Oil, gas industry boosts road repair, paving in Mahoning County


YOUNGSTOWN

Mahoning County has reaped a bonanza in road repaving performed by oil and gas companies and First Energy over the past two years.

These companies improved county and township roads in conjunction with their projects.

The road resurfacing paid for by corporations far exceeded what the county could achieve under its tax-funded regular paving program, which typically resurfaces about 10 miles of roads annually.

The corporate repaving was done under road use maintenance agreements with the county, which require companies to repair roads their truck traffic and installations might damage.

“They’re paid for by them as a means of fixing what they break, essentially,” county Engineer Patrick Ginnetti said of the company-paid paving efforts. “They’re running on a lot of our roads that were never engineered to handle loads like that,” he added.

“A lot of our more rural county roads were buggy paths — farm to market roads — back in the old days.
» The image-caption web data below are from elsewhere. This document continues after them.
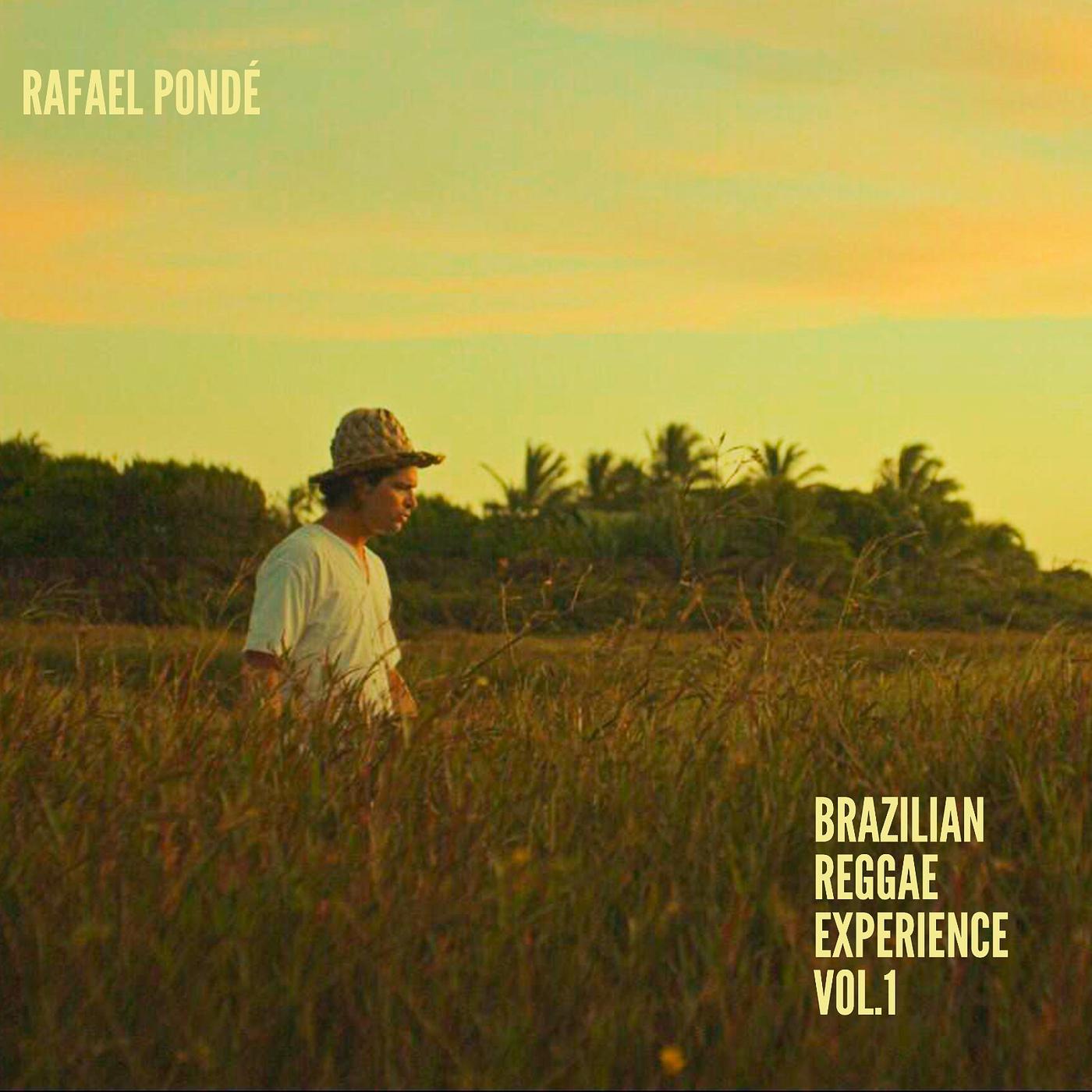 Постер альбома Brazilian Reggae Experience Vol.1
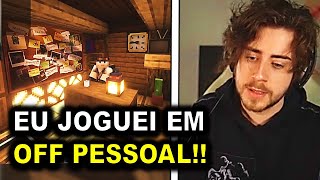 CELLBIT E SEU NOVO LABORATÓRIO SECRETO DE INVESTIGAÇÃO!!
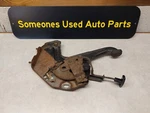 1988 Dodge Ram Van Emergency Parking Brake Pedal Assembly B150 86 87 89. Fixed Price $125.00.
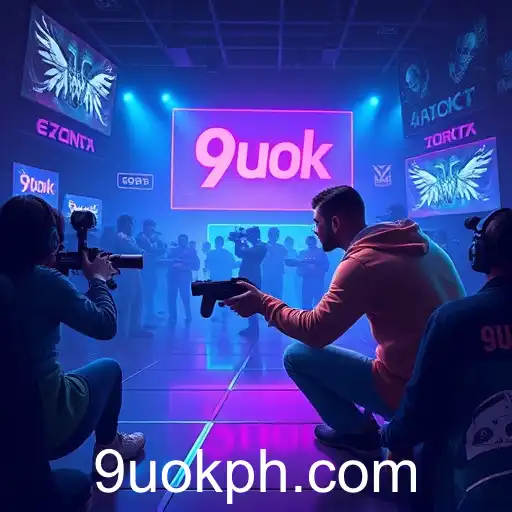 The Rise of 9UOK and Its Impact on Gaming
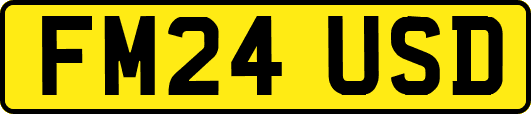 FM24USD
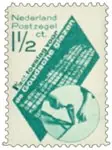 Premium Nederland 1931 - NVPH 238 - Postfris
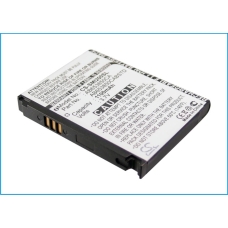 Batérie Nahrádza AB653850CC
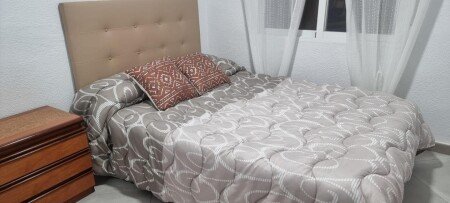 Bed and breakfast 1 bedroom, with wifi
They were paved years ago, but never designed and engineered to handle certain loads, so, when you come in with these large construction loads, the roads are going to break up,” Ginnetti explained.

The oil and gas and utility projects have benefitted local contractors and workers in the construction trades, he said. “There’s a tremendous economic impact,” he observed.

“It’s revitalizing our area. It’s putting money back in the pockets of local people. They’re spending it here,” he said of the infrastructure installation effort.